• Stored items

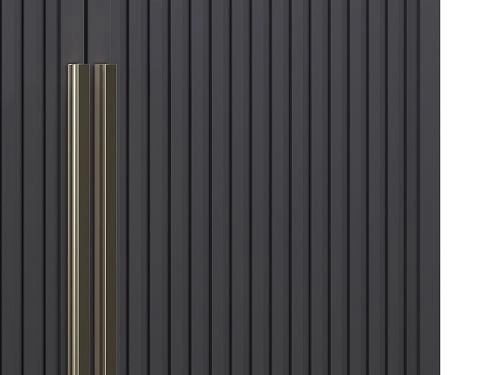 Шкаф распашной Брей-4 Хит с антресолью с зеркалами Черный - фото 3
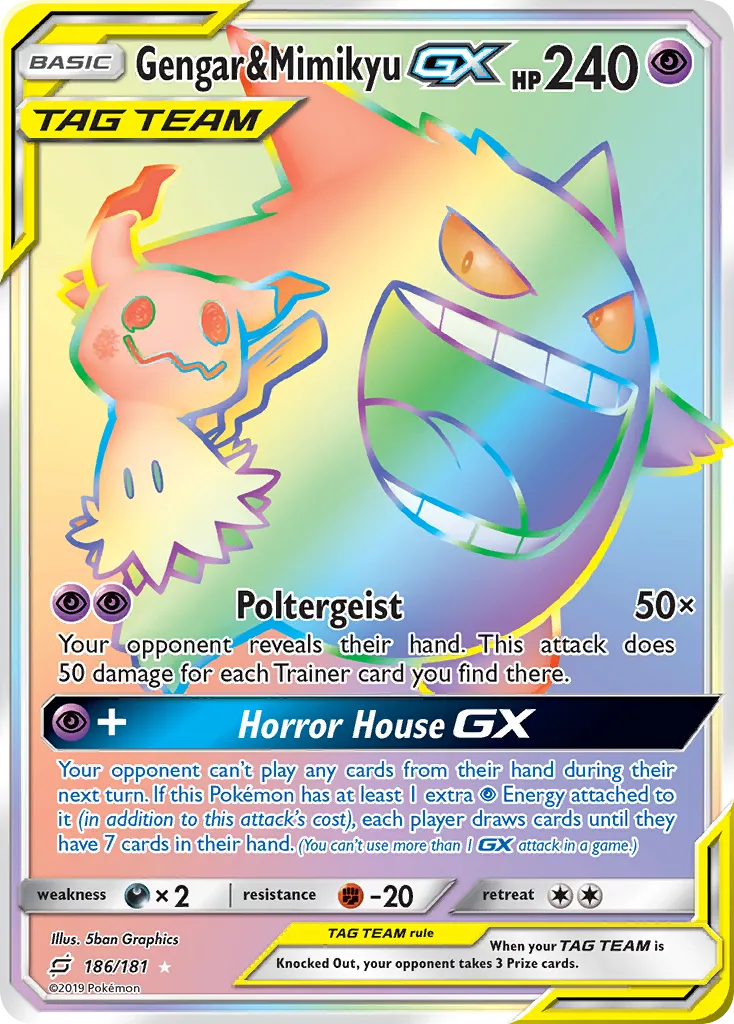 Gengar & Mimikyu-GX #186 card image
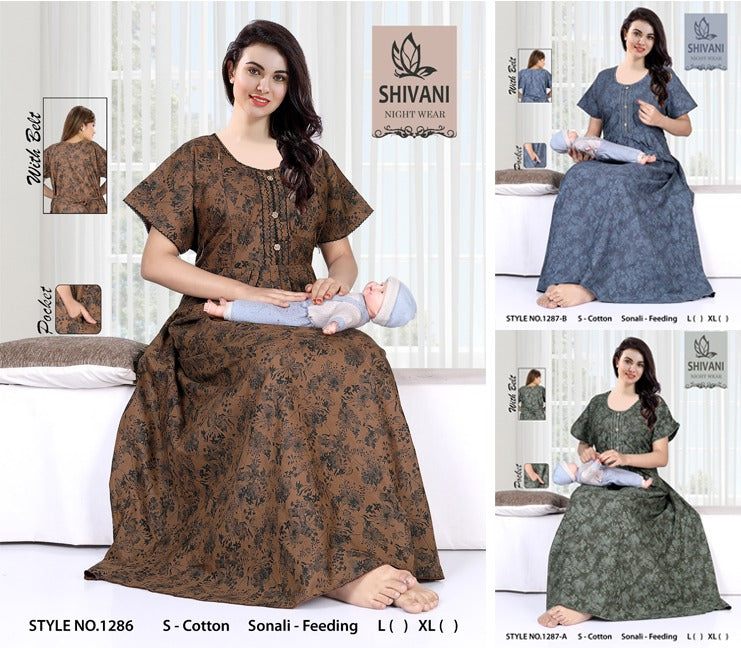 Style No 1284-1295 Sonali Shivani Cotton Feeding Night Gown Supplier India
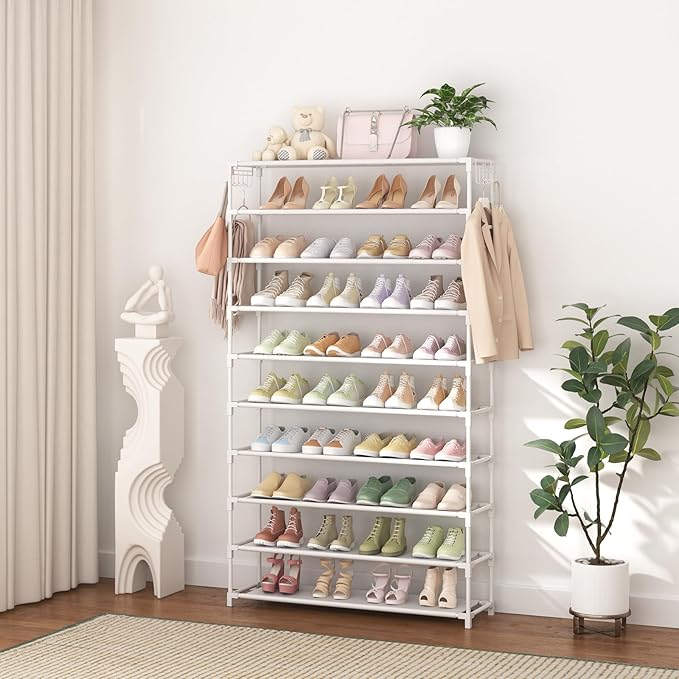 LANTEFUL 10 Tiers Shoe Rack 50 Pairs Large Capacity Tall Shoe Organizer Sturdy - Image 7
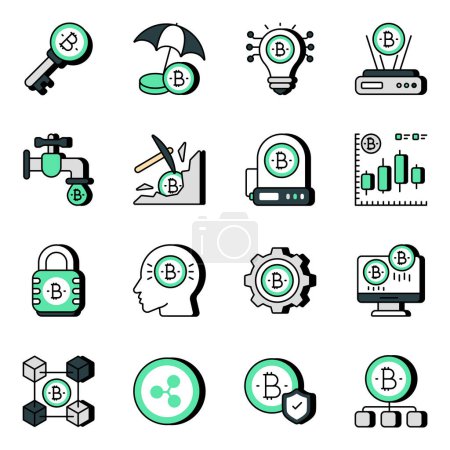 Illustration for Pack of Crypto vector Icons - Royalty Free Image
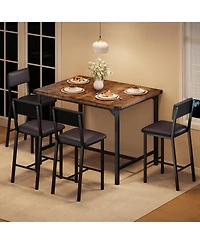 homfan Piece Bar Height Dining Table Set with 4 Stools and Metal Frame for Kitchen Room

• Exercise description
Find the line containing "LANTEFUL 10 Tiers" in the records above, then copy it and every line after it exactly, through the last one, without any pictures.

• Final answer
 LANTEFUL 10 Tiers Shoe Rack 50 Pairs Large Capacity Tall Shoe Organizer Sturdy - Image 7
 Illustration for Pack of Crypto vector Icons - Royalty Free Image
 homfan Piece Bar Height Dining Table Set with 4 Stools and Metal Frame for Kitchen Room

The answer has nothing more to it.